Molecular Dynamics Simulations of Heat Conduction in Nanostructures: Effect of Heat Bath

TL;DR

This study systematically examines how different heat bath models in molecular dynamics simulations affect heat conduction results in nanostructures, highlighting the importance of proper heat bath selection for accurate thermal property predictions.

Contribution

It provides guidelines on choosing heat bath parameters and models to ensure realistic simulation of heat conduction in nanostructures, especially for thermal rectification studies.

Findings

Multiple Nosé-Hoover layers reduce boundary temperature jumps.

Langevin heat bath with a single layer suffices for linear temperature profiles.

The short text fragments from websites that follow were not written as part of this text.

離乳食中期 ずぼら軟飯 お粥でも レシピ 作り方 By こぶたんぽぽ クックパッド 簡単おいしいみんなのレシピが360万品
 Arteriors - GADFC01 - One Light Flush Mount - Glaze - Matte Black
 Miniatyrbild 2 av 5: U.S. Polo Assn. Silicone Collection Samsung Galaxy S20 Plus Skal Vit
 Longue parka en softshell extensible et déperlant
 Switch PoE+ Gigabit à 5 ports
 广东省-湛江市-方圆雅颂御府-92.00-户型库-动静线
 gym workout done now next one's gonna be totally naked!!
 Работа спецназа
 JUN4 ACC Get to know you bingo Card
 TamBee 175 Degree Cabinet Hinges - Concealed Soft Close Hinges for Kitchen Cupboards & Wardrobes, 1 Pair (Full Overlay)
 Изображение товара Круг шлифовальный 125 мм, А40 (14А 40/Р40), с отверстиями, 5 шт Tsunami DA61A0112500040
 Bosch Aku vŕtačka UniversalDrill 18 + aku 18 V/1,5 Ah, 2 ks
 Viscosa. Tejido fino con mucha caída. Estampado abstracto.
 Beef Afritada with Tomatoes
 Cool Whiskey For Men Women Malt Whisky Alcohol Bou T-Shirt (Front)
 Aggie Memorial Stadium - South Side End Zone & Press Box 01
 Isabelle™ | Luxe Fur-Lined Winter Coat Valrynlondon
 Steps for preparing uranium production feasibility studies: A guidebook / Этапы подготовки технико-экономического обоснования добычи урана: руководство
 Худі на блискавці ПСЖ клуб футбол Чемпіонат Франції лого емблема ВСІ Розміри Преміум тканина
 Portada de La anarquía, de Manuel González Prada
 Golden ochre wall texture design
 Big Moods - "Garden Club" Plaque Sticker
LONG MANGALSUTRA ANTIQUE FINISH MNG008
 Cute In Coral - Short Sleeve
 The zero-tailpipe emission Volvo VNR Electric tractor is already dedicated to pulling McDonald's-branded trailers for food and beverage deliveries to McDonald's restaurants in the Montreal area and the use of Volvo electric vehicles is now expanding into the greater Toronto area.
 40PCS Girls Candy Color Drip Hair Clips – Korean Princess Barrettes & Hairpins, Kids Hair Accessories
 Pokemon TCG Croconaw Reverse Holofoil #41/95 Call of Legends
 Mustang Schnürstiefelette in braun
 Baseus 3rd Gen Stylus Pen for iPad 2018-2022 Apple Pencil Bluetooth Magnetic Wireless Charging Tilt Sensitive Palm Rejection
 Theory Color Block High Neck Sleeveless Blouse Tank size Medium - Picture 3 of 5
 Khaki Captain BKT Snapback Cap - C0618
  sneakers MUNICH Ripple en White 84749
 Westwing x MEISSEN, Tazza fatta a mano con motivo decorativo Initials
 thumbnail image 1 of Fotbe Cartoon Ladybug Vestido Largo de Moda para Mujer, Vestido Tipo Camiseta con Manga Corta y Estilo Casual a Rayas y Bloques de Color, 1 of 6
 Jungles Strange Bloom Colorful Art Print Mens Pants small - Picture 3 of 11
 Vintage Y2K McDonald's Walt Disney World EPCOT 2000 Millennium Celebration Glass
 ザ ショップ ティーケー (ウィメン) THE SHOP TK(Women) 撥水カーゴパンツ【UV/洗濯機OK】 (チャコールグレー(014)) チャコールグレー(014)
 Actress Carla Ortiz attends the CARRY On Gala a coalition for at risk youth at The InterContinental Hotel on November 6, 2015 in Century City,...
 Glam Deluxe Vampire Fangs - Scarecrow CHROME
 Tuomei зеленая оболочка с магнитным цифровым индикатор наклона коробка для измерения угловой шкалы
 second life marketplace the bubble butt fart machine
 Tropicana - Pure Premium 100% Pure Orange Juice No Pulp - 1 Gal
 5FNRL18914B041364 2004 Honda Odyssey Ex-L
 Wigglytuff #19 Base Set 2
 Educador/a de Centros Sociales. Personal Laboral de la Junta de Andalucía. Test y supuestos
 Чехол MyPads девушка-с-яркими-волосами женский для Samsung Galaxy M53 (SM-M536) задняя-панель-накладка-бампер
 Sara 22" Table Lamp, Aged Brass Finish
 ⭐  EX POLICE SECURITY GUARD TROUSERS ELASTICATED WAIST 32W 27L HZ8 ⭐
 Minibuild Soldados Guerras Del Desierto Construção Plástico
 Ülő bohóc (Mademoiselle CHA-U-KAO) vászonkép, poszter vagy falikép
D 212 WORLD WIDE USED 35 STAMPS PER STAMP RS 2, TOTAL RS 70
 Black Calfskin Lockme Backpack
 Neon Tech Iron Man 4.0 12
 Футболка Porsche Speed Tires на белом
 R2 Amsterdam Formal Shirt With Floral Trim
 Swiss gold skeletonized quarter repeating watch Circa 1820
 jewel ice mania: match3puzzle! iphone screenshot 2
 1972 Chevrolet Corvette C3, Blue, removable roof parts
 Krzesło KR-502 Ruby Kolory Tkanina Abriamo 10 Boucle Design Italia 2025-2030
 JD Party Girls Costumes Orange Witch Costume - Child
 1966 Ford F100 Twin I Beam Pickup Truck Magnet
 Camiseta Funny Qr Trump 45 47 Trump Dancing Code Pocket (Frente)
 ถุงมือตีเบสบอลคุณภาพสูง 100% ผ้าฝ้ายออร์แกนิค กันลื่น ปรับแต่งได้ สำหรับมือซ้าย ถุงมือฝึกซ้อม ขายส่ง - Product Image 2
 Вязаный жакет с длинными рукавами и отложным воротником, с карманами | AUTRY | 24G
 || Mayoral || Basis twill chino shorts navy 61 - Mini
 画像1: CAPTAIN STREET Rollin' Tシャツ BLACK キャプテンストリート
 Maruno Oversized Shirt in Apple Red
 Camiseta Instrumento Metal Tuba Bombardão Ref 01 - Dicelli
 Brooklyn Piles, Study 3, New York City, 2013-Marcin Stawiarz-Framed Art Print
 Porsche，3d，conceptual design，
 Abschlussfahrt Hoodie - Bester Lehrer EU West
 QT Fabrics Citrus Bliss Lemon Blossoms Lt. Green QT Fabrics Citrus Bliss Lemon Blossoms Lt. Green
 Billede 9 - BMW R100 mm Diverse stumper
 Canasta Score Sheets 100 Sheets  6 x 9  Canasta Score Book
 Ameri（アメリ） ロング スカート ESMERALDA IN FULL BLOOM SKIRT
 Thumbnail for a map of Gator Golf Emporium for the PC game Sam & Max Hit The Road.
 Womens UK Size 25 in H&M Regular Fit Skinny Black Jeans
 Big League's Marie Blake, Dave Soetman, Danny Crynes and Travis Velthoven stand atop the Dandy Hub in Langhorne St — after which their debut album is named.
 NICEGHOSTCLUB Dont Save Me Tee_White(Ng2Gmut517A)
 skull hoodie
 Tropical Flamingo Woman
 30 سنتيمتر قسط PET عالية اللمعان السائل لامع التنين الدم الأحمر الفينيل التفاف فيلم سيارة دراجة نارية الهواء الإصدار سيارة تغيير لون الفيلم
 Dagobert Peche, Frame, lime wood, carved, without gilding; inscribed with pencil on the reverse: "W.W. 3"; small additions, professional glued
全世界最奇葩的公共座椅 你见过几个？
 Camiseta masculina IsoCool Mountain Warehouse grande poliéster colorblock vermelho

Langevin bath yields results consistent with experiments across parameter ranges.

Abstract

We investigate systematically the impacts of heat bath used in molecular dynamics simulations on heat conduction in nanostructures exemplified by Silicon Nanowires (SiNWs) and Silicon/Germanium nano junction. It is found that multiple layers of Nos\'e-Hoover heat bath are required to reduce the temperature jump at the boundary, while only a single layer of Langevin heat bath is sufficient to generate a linear temperature profile with small boundary temperature jump. Moreover, an intermediate value of heat bath parameter is recommended for both Nos\'e-Hoover and Langevin heat bath in order to achieve correct temperature profile and thermal conductivity in homogeneous materials. Furthermore, the thermal rectification ratio in Si/Ge thermal diode depends on the choice of Nos\'e-Hoover heat bath parameter remarkably, which may lead to non-physical results. In contrast, Langevin heat bath is recommended because it can produce consistent results with experiment in large heat bath parameter range.